Gormley’s sculpture rhymes with 28 Years Later’s fascination with spirituality—director Danny Boyle and screenwriter Alex Garland set the opening set piece partly within a church—but it’s also enlisted by the filmmakers in their critique of conservative British politics. (Such a critique may appear oblique to some, but within the UK, few have missed the point. We won’t spoil the out-of-left-field ending, which makes explicit reference to a certain British celebrity who was posthumously accused of rape.)
On its face, Angel of the North does not seem so scandalous. Gormley said he intended the work as a tribute to the miners who once worked in the area where the sculpture is now sited. “When you think of the mining that was done underneath the site,” he once said, “there is a poetic resonance. Men worked beneath the surface in the dark. Now, in the light, there is a celebration of this industry.”
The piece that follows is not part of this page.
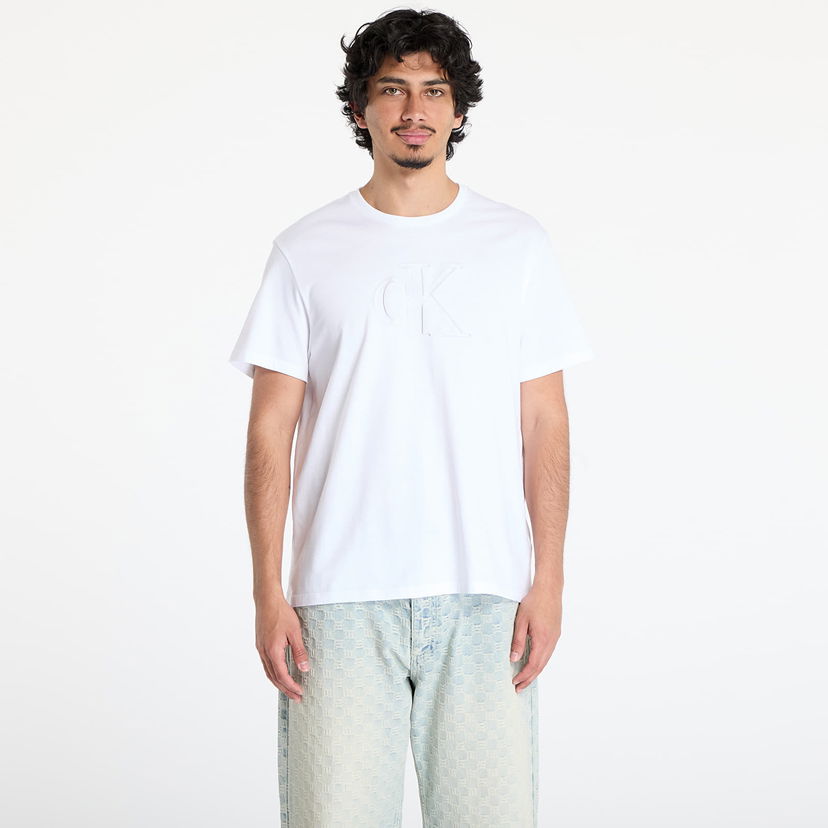 T-shirt CALVIN KLEIN Calvin Klein Jeans 20S Short Sleeve T-Shirt Vit | LV04RC824G YAA
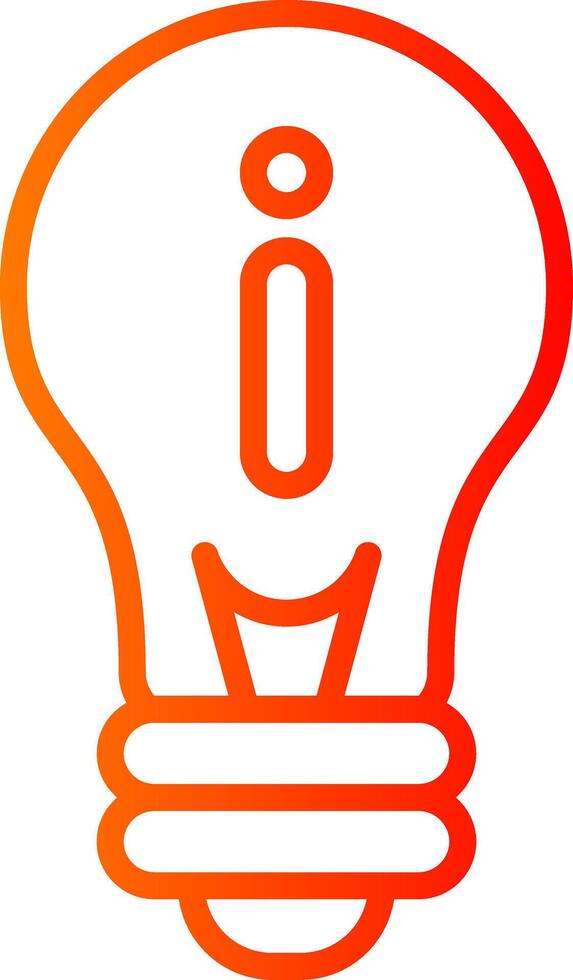 idea Line Gradient Icon vector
But in a 2019 New York Times interview, Gormley said that the work was actually a rebuttal of the policies of Margaret Thatcher, a Conservative prime minister whom the artist said had made it seem as though “everything that had come out of the Industrial Revolution” was “over.”
The work was initially controversial, not for responding to Thatcherite politics but for its look, with many local politicians claiming it was an eyesore. Jewish residents of the surrounding area also said the work reminded them of German aircrafts, leading Gormley to be labeled a Nazi by certain outlets.
More recently, however, Angel of the North has found itself at the center of a different hot-button debate: the conversation that preceded the 2016 vote on Brexit. That year, the anti–European Union group Vote Leave projected the words “Vote Leave Take Control” across the angel’s wingspan. That moved Gormley himself to send a letter to Vote Leave in which he said that the stunt implied a “false endorsement” on his part of the group’s cause.
In a statement on his website, Gormley writes that Angel of the North was the product of “a focus for collective hope”—something not notably possible in 28 Years Later, in which quarantine acts as a parallel for post-Brexit isolationism.